United States District Court, M.D. Louisiana
June 2, 2015
TONNIE LUCKETT (#99443)
ROBERT E. BARROW, JR., TREATMENT CENTER, ET AL
MAGISTRATE JUDGE'S REPORT AND RECOMMENDATION
RICHARD L. BOURGEOIS, Jr., Magistrate Judge.
The pro se plaintiff, an inmate confined at the Louisiana State Penitentiary ("LSP"), Angola, Louisiana, filed this proceeding pursuant to 42 U.S.C. § 1983 against Warden N. Burl Cain, Secretary James LeBlanc and the Robert E. Barrow Treatment Center, complaining that prison personnel at LSP have refused his requests for blood typing. The plaintiff contends that blood-typing will prove his innocence in connection with criminal convictions entered against him in 1991 in the Civil District Court for the Parish of Orleans, State of Louisiana.
Pursuant to 28 U.S.C. §§ 1915(e) and 1915A, this Court is authorized to dismiss an action or claim brought by a prisoner against a governmental entity or an officer or employee of a governmental entity if satisfied that the action or claim is frivolous, malicious or fails to state a claim upon which relief may be granted.
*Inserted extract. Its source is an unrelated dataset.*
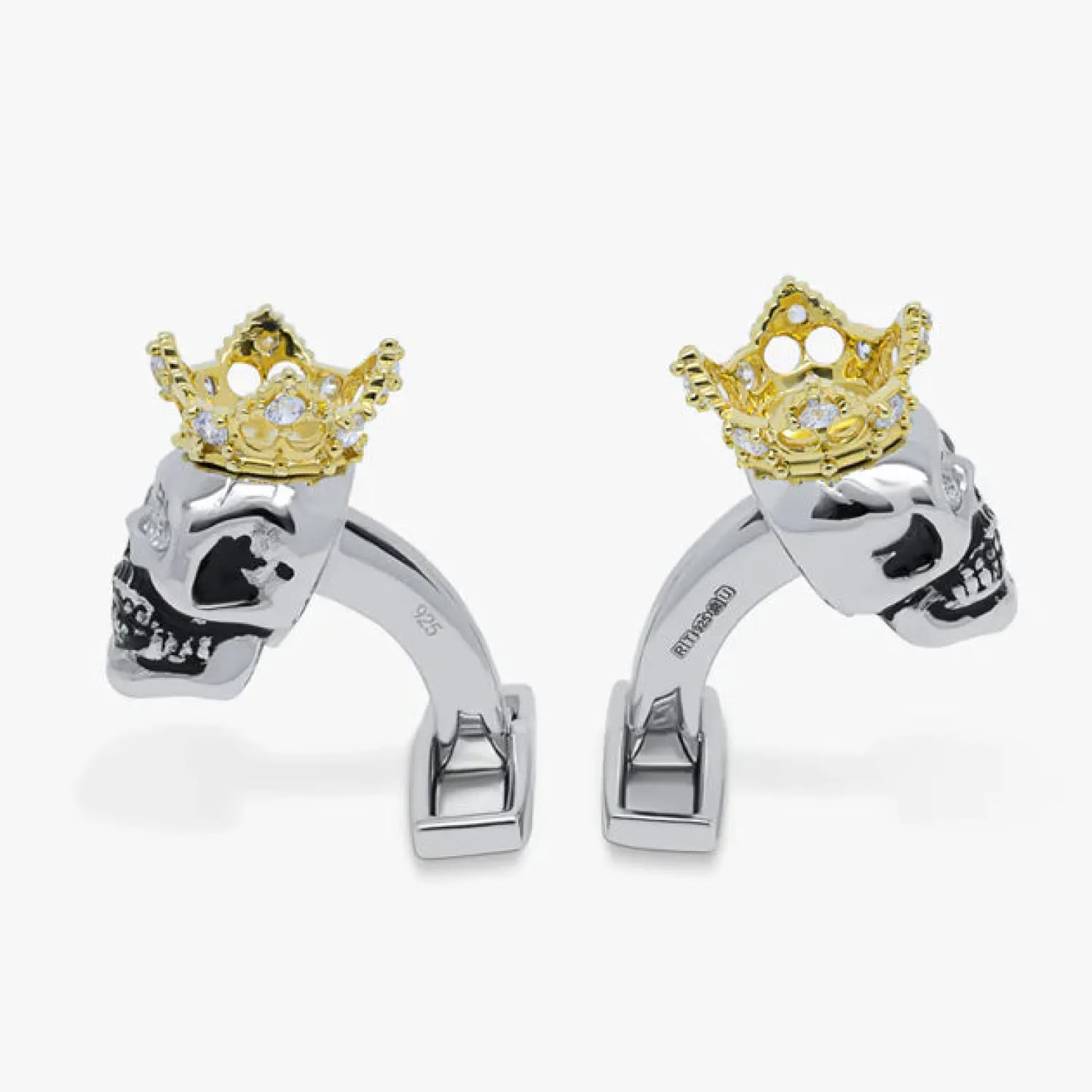 New King Skull Cufflinks Luxury Cufflinks | Hobbies & Interests Cufflinks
An action or claim is properly dismissed as frivolous if the claim lacks an arguable basis either in fact or in law. Denton v. Hernandez, 504 U.S. 25, 31 (1992), citing Neitzke v. Williams, 490 U.S. 319, 325 (1989); Hicks v. Garner, 69 F.3d 22, 24-25 (5th Cir. 1995). A claim is factually frivolous if the alleged facts are "clearly baseless, a category encompassing allegations that are fanciful, ' fantastic, ' and delusional.'" Id. at 32-33. A claim has no arguable basis in law if it is based upon an indisputably meritless legal theory, "such as if the complaint alleges the violation of a legal interest which clearly does not exist." Davis v. Scott, 157 F.3d 1003, 1005 (5th Cir. 1998). The law accords judges not only the authority to dismiss a claim which is based on an indisputably meritless legal theory, but also the unusual power to pierce the veil of the factual allegations and dismiss those claims whose factual contentions are clearly baseless, a category encompassing allegations that are fanciful, fantastic and delusional. Denton v. Hernandez, supra, 504 U.S. at 32. Pleaded facts which are merely improbable or strange, however, are not frivolous for purposes of § 1915. Id. at 33; Ancar v. Sara Plasma, Inc., 964 F.2d 465, 468 (5th Cir. 1992). A § 1915 dismissal may be made at any time, before or after service of process and before or after an answer is filed. See Green v. McKaskle, 788 F.2d 1116, 1119 (5th Cir. 1986).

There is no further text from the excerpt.